Audit Event Record Contents and Meaning

This section describes the contents and meaning of each audit event record.

Common Event Record Data

Audit event records include header information that is present in all event records. The following list describes this common information.

The time the event was generated.

The SID of the subject that caused the event to be generated. If possible, Event Viewer translates this SID to an account name for display. The SID is the impersonation ID if the subject is impersonating a client, or the primary ID if the subject is not impersonating.

The name of the system component or module that submitted the event. For security audits this is always Security.

The module-specific ID of the specific event.

The event type, either Success Audit or Failure Audit.

The event category, used to group related events such as logon audits, object access audits, and policy change audits.

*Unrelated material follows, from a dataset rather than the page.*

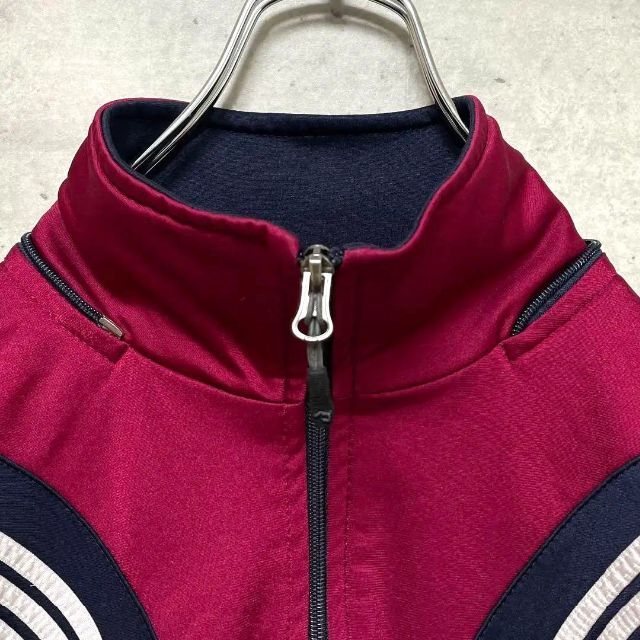 s adidas トラックジャケット 3本ライン 赤紫 ネイビー 白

When an event is displayed in detail, this information is displayed at the top of that window. The following is an example of how this information is displayed:

Date:            8/12/96            Event ID:    172
Time:            10:32:11 AM        Source:    Security
User:            Administrator        Type:        Failure Audit
Computer:    ACCTG            Category:    Logon/Logoff

Audit Categories

Audit event records are divided into auditing categories. These categories are displayed by Event Viewer and allow a user to visually distinguish or automatically filter audit events of interest. These audit categories are listed in the following table, and discussed in detail in the Audit Categories Help file (Auditcat.hlp).

Category	Description

System Event	Events in this category indicate that something affecting the security of the entire system or of the audit log has occurred.
Logon/Logoff	Events in this category describe a single successful or unsuccessful logon or logoff. Included in each logon description is an indication of what type of logon was requested/performed (for example, interactive, network, or service).
Object Access	Events in this category describe both successful and unsuccessful accesses to protected objects.
Privilege Use	Events in this category describe both successful and unsuccessful attempts to use privileges. The Privilege Use category also covers a special case of informing when some special privileges are assigned. These special privileges are only audited when they are assigned, not when they are used.
Account Management	Events in this category describe high-level changes to the security account database, such as the creation of a user account or a change in group membership. There can also be a finer granularity of auditing performed at the object level under the Object Access category.
Policy Change	Events in this category describe high-level changes in security policy, such as the assignment of privileges or changes in the audit policy. There can also be a finer granularity of auditing performed at the object level under the Object Access category.
Detailed Tracking	Events in this category provide detailed subject tracking information, such as program activation, some forms of handle duplication and indirect object accesses, and process exit.